More recently Mr McClendon has enraged shareholder activists. On May 1st they clipped his wings. While remaining chief executive, Mr McClendon will give up the chair of Chesapeake to someone independent. Shareholders hope this will stiffen the spine of a boss-friendly board. Mr McClendon will also negotiate the scrapping, by 2014, of a programme by which he was allowed to buy a 2.5% stake in every new well drilled by his company.

Mr McClendon has long argued that this unusual arrangement was in the best interests of shareholders. “You could say I’m the only CEO in America who truly participates alongside his company in the day-to-day business activity on the same basis as the company,” he told Forbes last year. Presumably he believes that his incentives will now become less well-aligned. Many shareholders disagree.

As Chesapeake has grown, so has Mr McClendon’s appetite for debt to finance his stakes in wells. (To avoid cherry-picking, he was obliged to invest in all of each year’s new ones, or none at all.) In the first year of the programme, according to the Wall Street Journal, the firm drilled 19 wells; last year it was around 1,700, and Mr McClendon had to stump up over $457m.

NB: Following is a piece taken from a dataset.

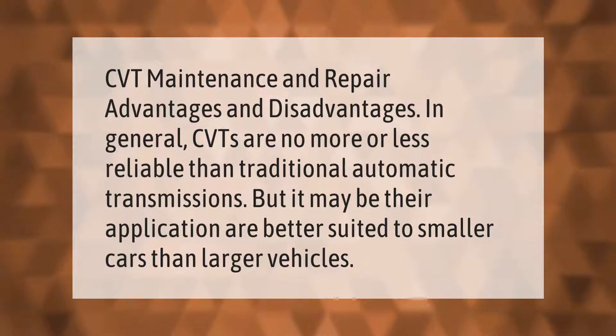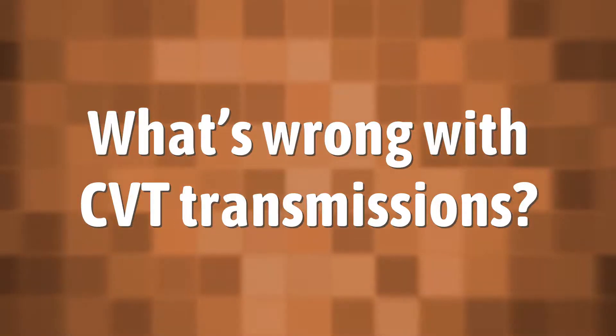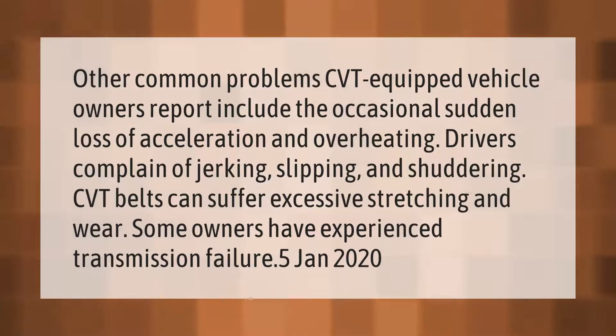CVTs may be better suited to smaller cars than larger vehicles. Other common problems CVT-equipped vehicle owners report include occasional sudden loss of acceleration and overheating. Drivers complain of jerking, slipping, and shuddering. CVT belts can suffer excessive stretching and wear, and some owners have experienced complete transmission failure.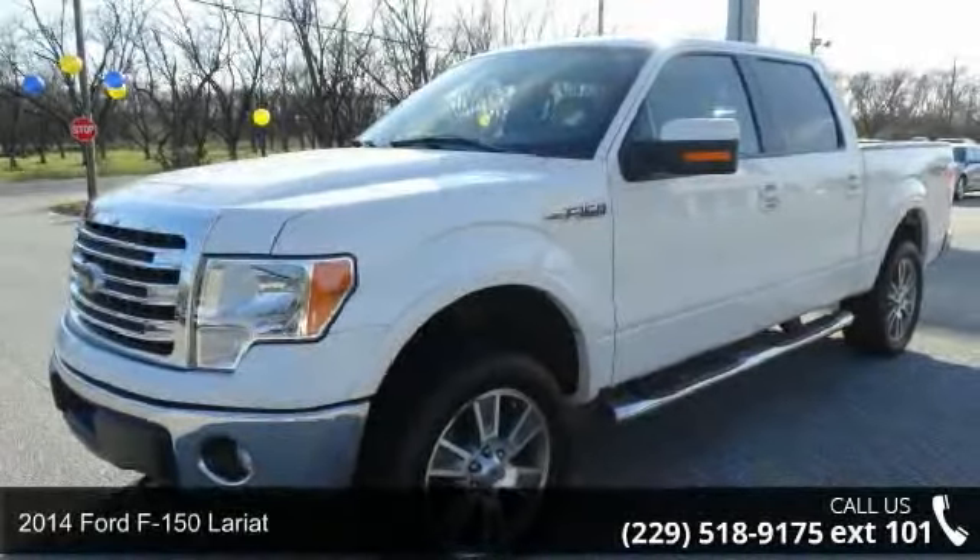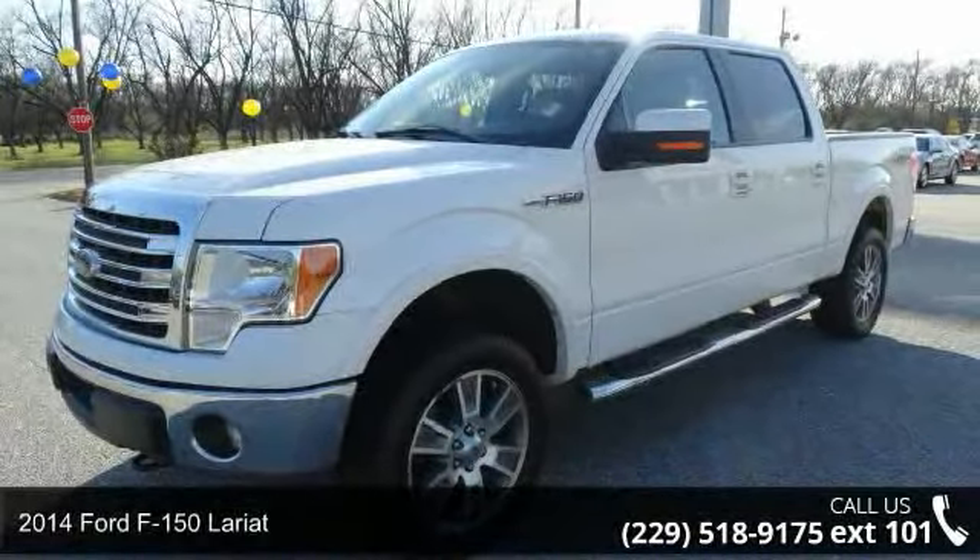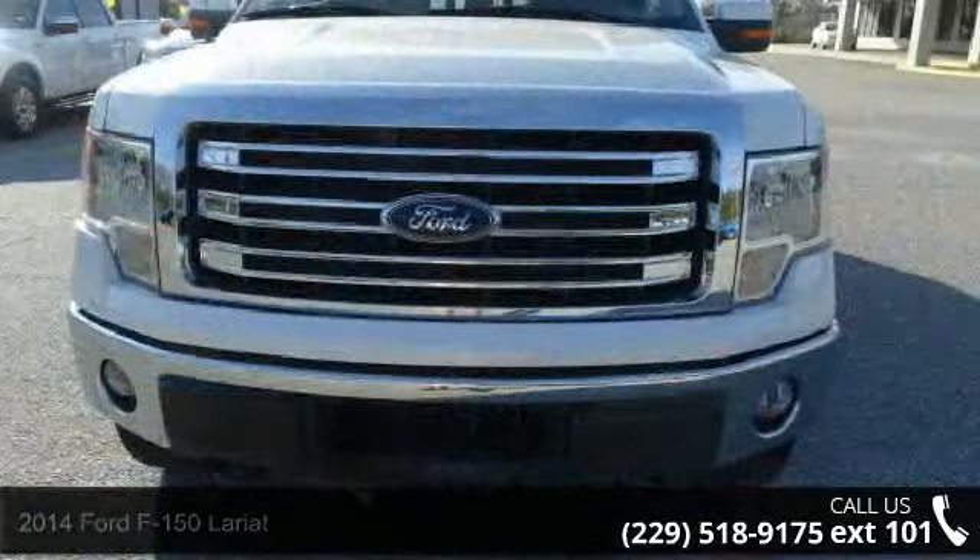Presenting the 2014 Ford F-150 Lariat. If you are looking for an automobile with great features, look no further.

He did this mostly by borrowing: he admits to personal debts of $846m. In 2008, as natural-gas prices plunged along with the firm’s market capitalisation, he had to sell most of his shares in Chesapeake to repay debts. The following June, the board gave him a special $75m bonus to invest in the well programme, while suspending the requirement that he own shares in the firm worth five times his annual salary. This generous move was what first stoked the ire of shareholder activists.

Hedge funds short-selling Chesapeake’s shares talk of “red flags” that suggest trouble ahead. For example, the board is looking into reports that Mr McClendon borrowed money from financial firms that had a business relationship with Chesapeake. The firm also disclosed that the taxman was looking at the well programme as part of an audit. On May 2nd, Mr McClendon complained that “a great deal of misinformation” has been published.

To have a boss with such big debts looks risky. Did the board know the details? This much is clear: neither the board nor shareholders can claim they were unaware of the programme that let Mr McClendon invest in new wells, which has existed since the firm went public in 1993.

As the forthcoming flotation of Facebook may show, investors are often willing to overlook weak corporate governance when offered the chance to buy shares in a newly listed firm run by a brilliant entrepreneur. The turmoil at Chesapeake should remind them: caveat emptor.